EXERCISE DESCRIPTION: Please transcribe the data that follows exactly as given, leaving out every picture.

====

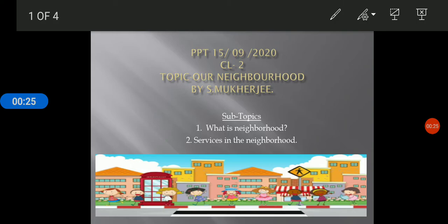What is neighborhood? It is the place around us where we live. For example, Palika, Sada Colony, Belka Gown, etc.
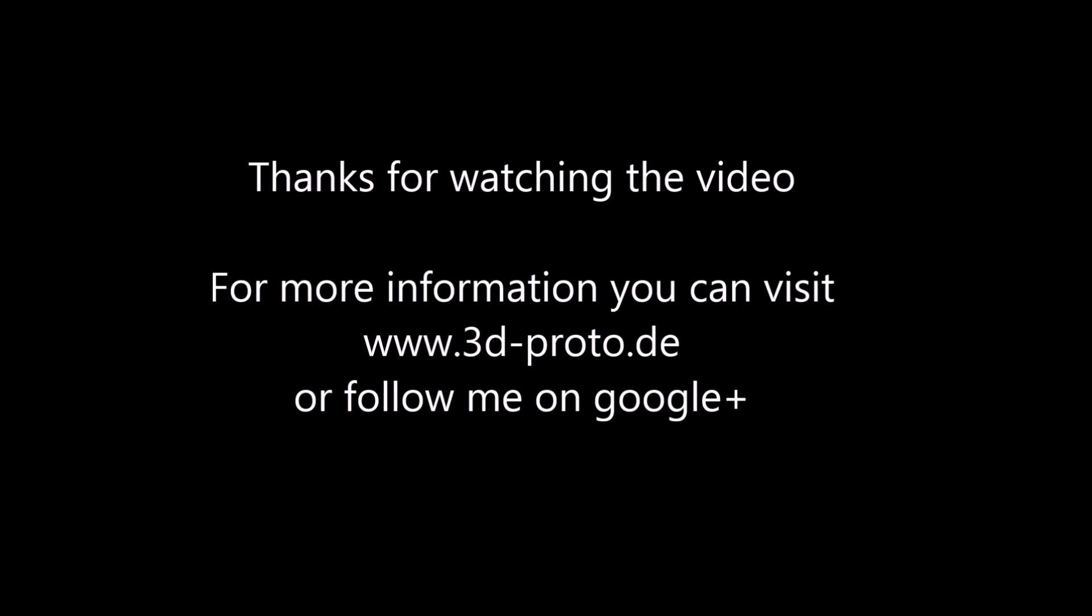For more information you can follow me on google plus or visit my homepage 3d-proto.de.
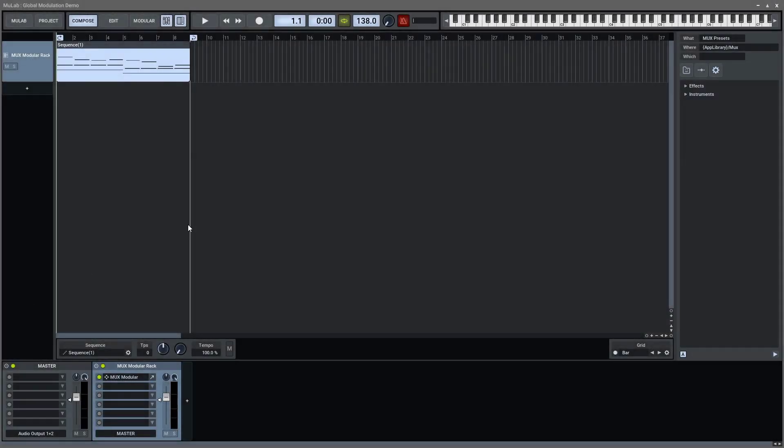Hello there. Today I want to talk about global modulation inside of MUX Modular.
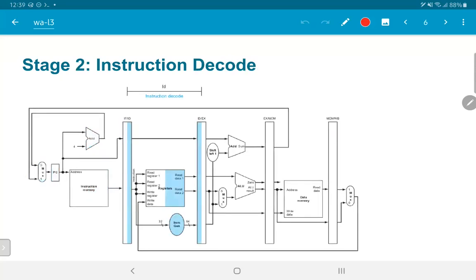The next stage is instruction decode, which is primarily a case of getting data out of the registers — accessing the register file values. Those register file values are taken out but then stored into another set of registers, the ID/EX register. In parallel, immediate generation if required will happen, and any other control logic may also be computed. All of these values — the immediate value and control logic — also need to be stored in the ID/EX register so that when we move forward, the appropriate control logic for this instruction is present at the ALU.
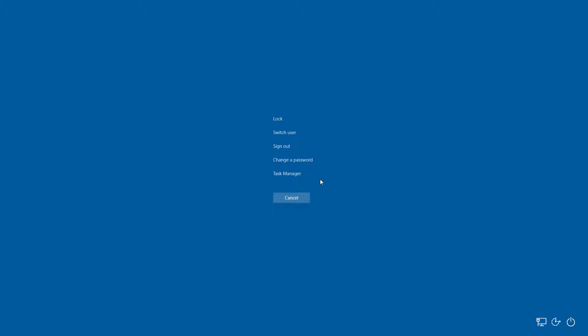So first of all let's fix the first problem where you can see the cursor on your screen after logging into your Windows 10. Once you are on the black screen you have to press the Ctrl+Alt+Delete key on your keyboard. You will get a new screen — now you have to click on Task Manager. It will open Task Manager on your computer.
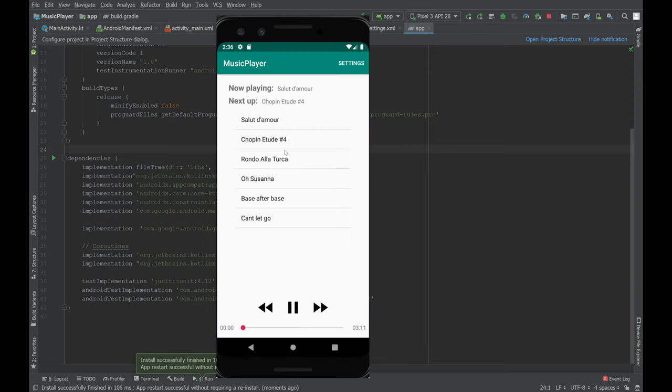You launch. You've got this player display. The song immediately starts downloading and playing.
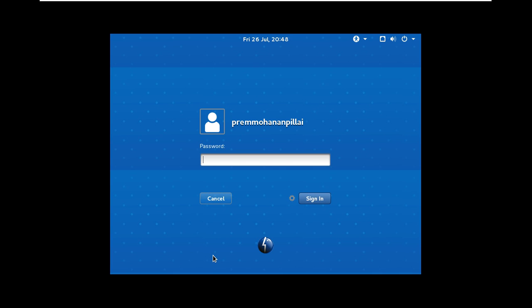Please subscribe and press the bell icon for the latest IT related videos. Today I will tell you how to reset a forgotten password in BOSS PC. This is my administrator account, that is Trimone and Play.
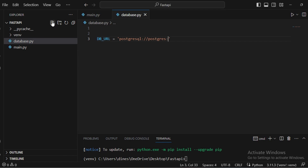The username will be 'postgres', and after the colon you need to mention the password of that user. Then at the host, you mention the domain or IP address — here we are using localhost. Finally, you need to mention the database name. Make sure to create this database before running the server. That's the complete database URL path.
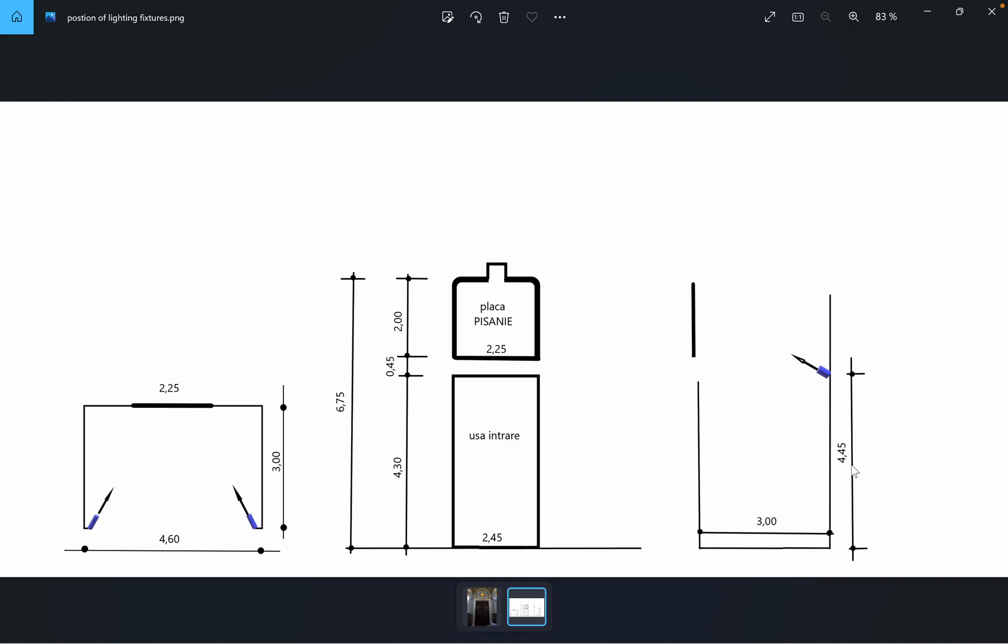Also, the distance between the luminaire and the painting will be 3 meters. On the left we have a 2D view from above where we see the width of the painting, which is 2.25 meters, and the distance between two luminaires, which is 4.60 meters, and the distance from luminaires to the painting, which is 3 meters.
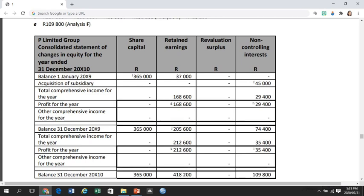The revaluation surplus column in this example has no amounts in it. Why is that? There was a revaluation surplus of 20,000 Rand created in this example, but it got eliminated as part of the at-acquisition equity of the subsidiary through the at-acquisition consolidation journal entry. The only time you will have a revaluation of the subsidiary included in the Consolidated Statement of Changes in Equity is when the subsidiary recognized a revaluation surplus in its separate financial statements since acquisition date. That would be the revaluation surplus of S allowed to be in the group, attributed between the owners of P and NCI — the exact same process as with retained earnings.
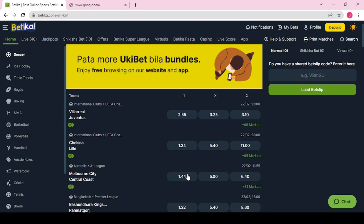Welcome back. Let me give you another strategy in betting: how do you predict a draw in a football match, and how do you identify which matches to bet on a draw? Most of the time draws have high odds — for example, Villarreal vs Juventus has draw odds of 3.25, Chelsea vs Lille is 5.40, and City vs Central Coast is 5.0. So how do you really predict a draw in these matches?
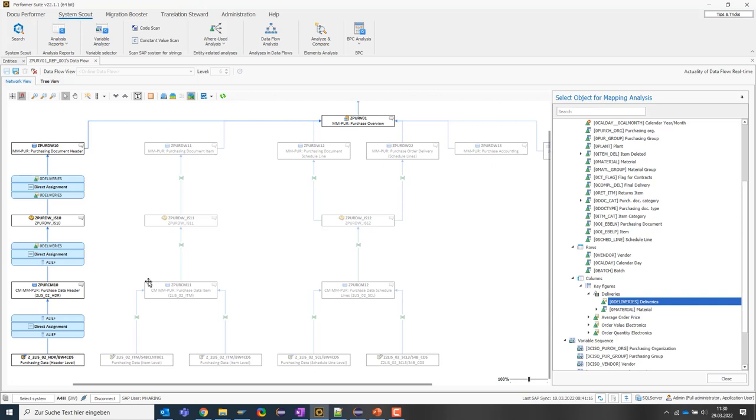In reality, it is mostly more complex because there are different rule types like, for example, field routines, end routines, expert routines and so on. The SystemScout can handle them too.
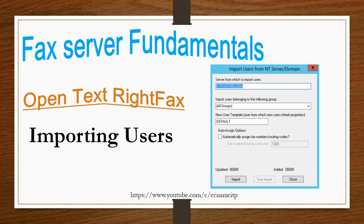Hi guys, welcome to my YouTube channel. In this video we will learn about how to import users to RightFax server. It is very simple and very easy.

====

SOLUTION TO THIS PROBLEM:
What is neighborhood? It is the place around us where we live. For example, Palika, Sada Colony, Belka Gown, etc.
For more information you can follow me on google plus or visit my homepage 3d-proto.de.
Hello there. Today I want to talk about global modulation inside of MUX Modular.
The next stage is instruction decode, which is primarily a case of getting data out of the registers — accessing the register file values. Those register file values are taken out but then stored into another set of registers, the ID/EX register. In parallel, immediate generation if required will happen, and any other control logic may also be computed. All of these values — the immediate value and control logic — also need to be stored in the ID/EX register so that when we move forward, the appropriate control logic for this instruction is present at the ALU.
So first of all let's fix the first problem where you can see the cursor on your screen after logging into your Windows 10. Once you are on the black screen you have to press the Ctrl+Alt+Delete key on your keyboard. You will get a new screen — now you have to click on Task Manager. It will open Task Manager on your computer.
You launch. You've got this player display. The song immediately starts downloading and playing.
Please subscribe and press the bell icon for the latest IT related videos. Today I will tell you how to reset a forgotten password in BOSS PC. This is my administrator account, that is Trimone and Play.
The username will be 'postgres', and after the colon you need to mention the password of that user. Then at the host, you mention the domain or IP address — here we are using localhost. Finally, you need to mention the database name. Make sure to create this database before running the server. That's the complete database URL path.
Also, the distance between the luminaire and the painting will be 3 meters. On the left we have a 2D view from above where we see the width of the painting, which is 2.25 meters, and the distance between two luminaires, which is 4.60 meters, and the distance from luminaires to the painting, which is 3 meters.
The revaluation surplus column in this example has no amounts in it. Why is that? There was a revaluation surplus of 20,000 Rand created in this example, but it got eliminated as part of the at-acquisition equity of the subsidiary through the at-acquisition consolidation journal entry. The only time you will have a revaluation of the subsidiary included in the Consolidated Statement of Changes in Equity is when the subsidiary recognized a revaluation surplus in its separate financial statements since acquisition date. That would be the revaluation surplus of S allowed to be in the group, attributed between the owners of P and NCI — the exact same process as with retained earnings.
Welcome back. Let me give you another strategy in betting: how do you predict a draw in a football match, and how do you identify which matches to bet on a draw? Most of the time draws have high odds — for example, Villarreal vs Juventus has draw odds of 3.25, Chelsea vs Lille is 5.40, and City vs Central Coast is 5.0. So how do you really predict a draw in these matches?
In reality, it is mostly more complex because there are different rule types like, for example, field routines, end routines, expert routines and so on. The SystemScout can handle them too.
Hi guys, welcome to my YouTube channel. In this video we will learn about how to import users to RightFax server. It is very simple and very easy.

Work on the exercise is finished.